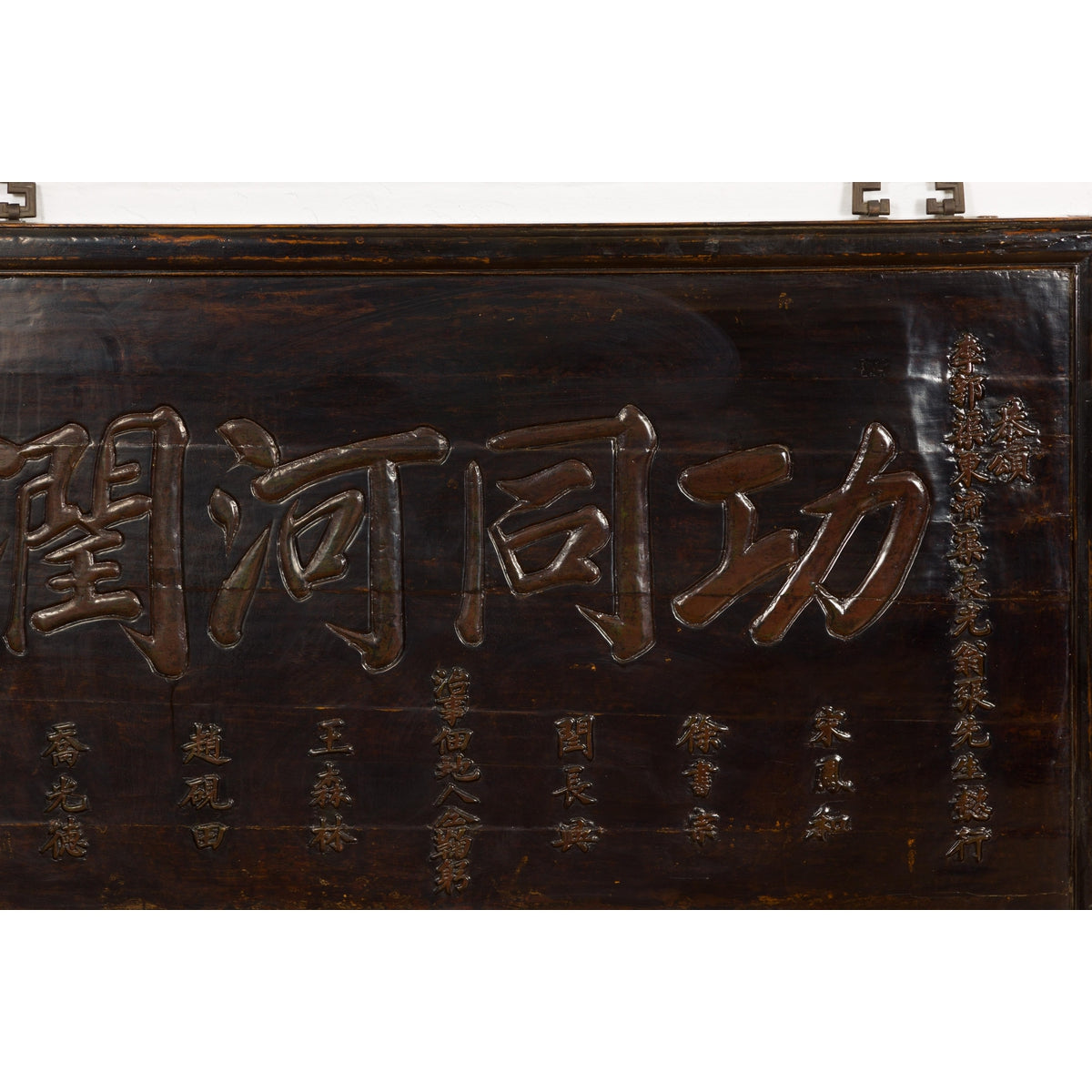 Chinese Antique Shop Sign with Carved Calligraphy-5. Asian & Chinese Furniture, Art, Antiques, Vintage Home Décor for sale at FEA Home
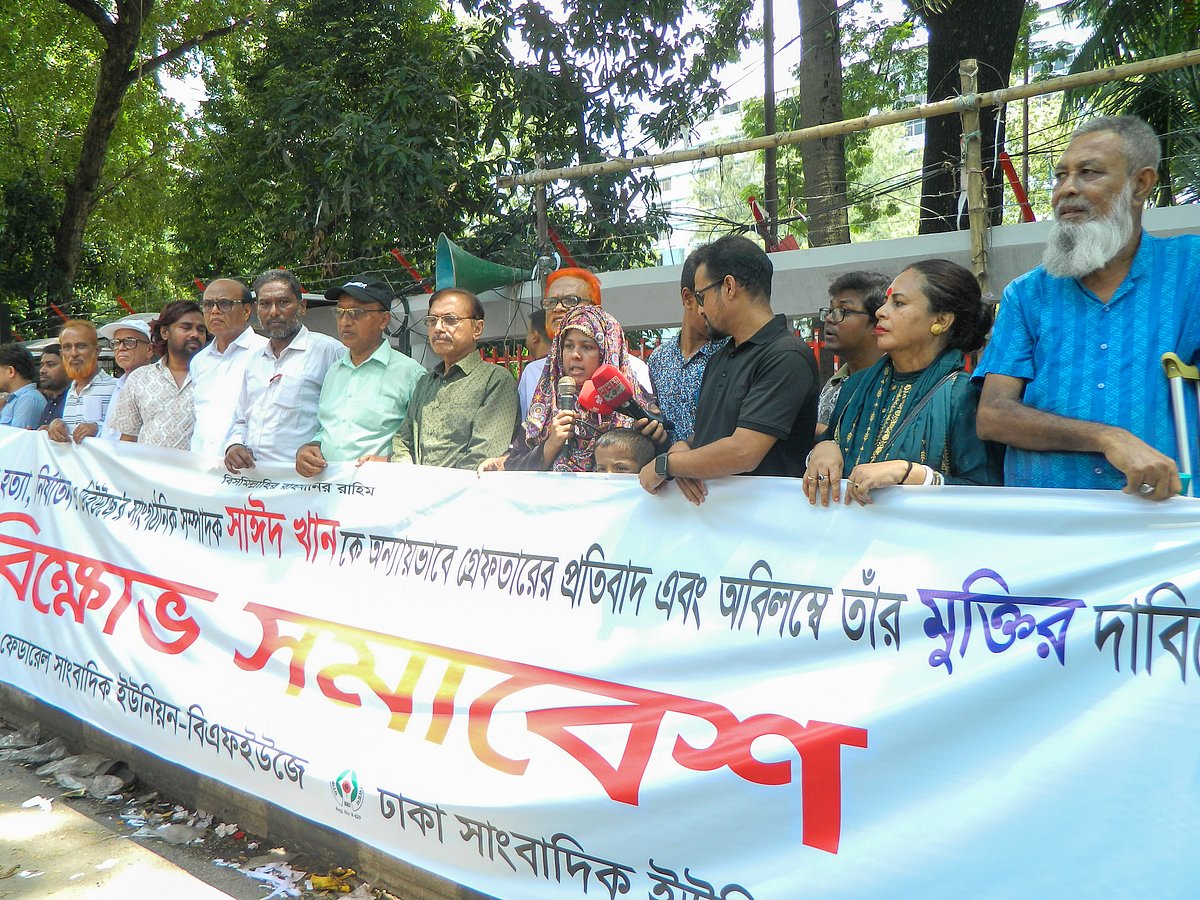 সাংবাদিক সাঈদ খানের মুক্তির দাবিতে  জাতীয় প্রেসক্লাবের সামনে বিক্ষোভ সমাবেশ করেন সাংবাদিকেরা।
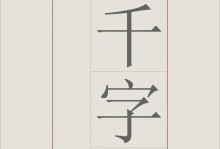 探寻繁体字的魅力与传承（传统与创新交织，繁体字绽放新生命）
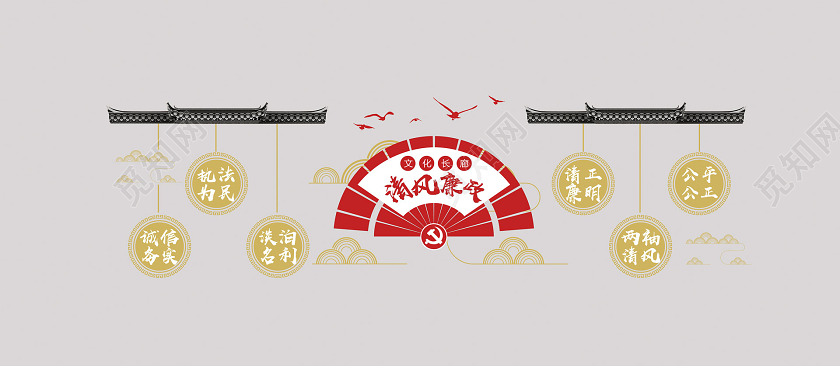 中国风大气素雅廉政文化墙廉政建设文化墙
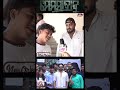 Memshab Day 5 Audience Review || Odisha Prabhab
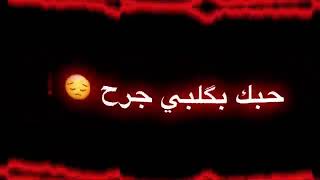 سلطان العماني اغنية الله يوفقك
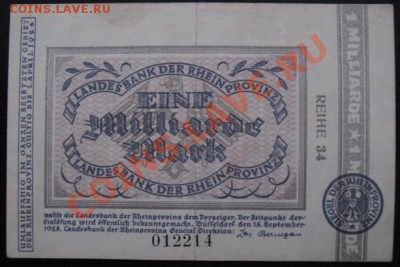 1923, Дюссельдорф, 1 млрд. М, до 20.11 в 21-00 мск - 1 млрд а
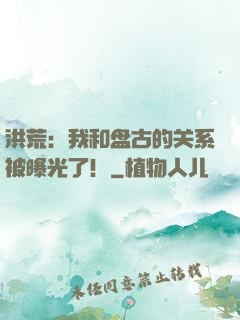 洪荒：我和盘古的关系被曝光了！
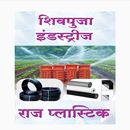 Shivpooja-APK
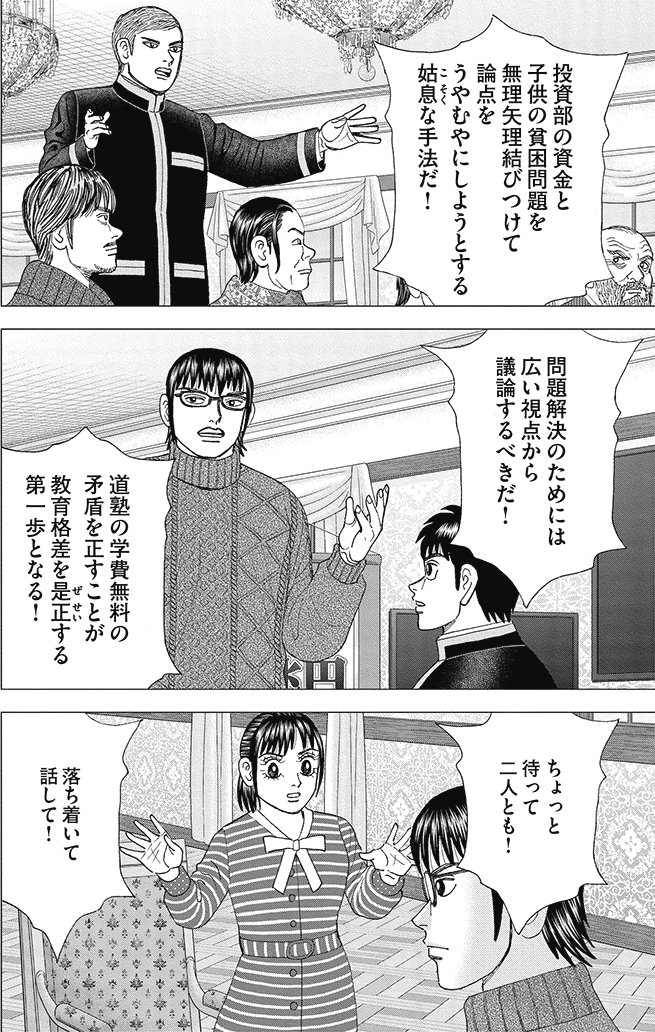 漫画インベスターZ 19巻P140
-.-.-
→ **PROBLEM DESCRIPTION**
Skipping every picture, reproduce the records word for word.

→ **REPLY TO THE EXERCISE**
 Chinese Antique Shop Sign with Carved Calligraphy-5. Asian & Chinese Furniture, Art, Antiques, Vintage Home Décor for sale at FEA Home
 সাংবাদিক সাঈদ খানের মুক্তির দাবিতে  জাতীয় প্রেসক্লাবের সামনে বিক্ষোভ সমাবেশ করেন সাংবাদিকেরা।
 探寻繁体字的魅力与传承（传统与创新交织，繁体字绽放新生命）
 中国风大气素雅廉政文化墙廉政建设文化墙
 Memshab Day 5 Audience Review || Odisha Prabhab
 سلطان العماني اغنية الله يوفقك
 1923, Дюссельдорф, 1 млрд. М, до 20.11 в 21-00 мск - 1 млрд а
 洪荒：我和盘古的关系被曝光了！
 Shivpooja-APK
 漫画インベスターZ 19巻P140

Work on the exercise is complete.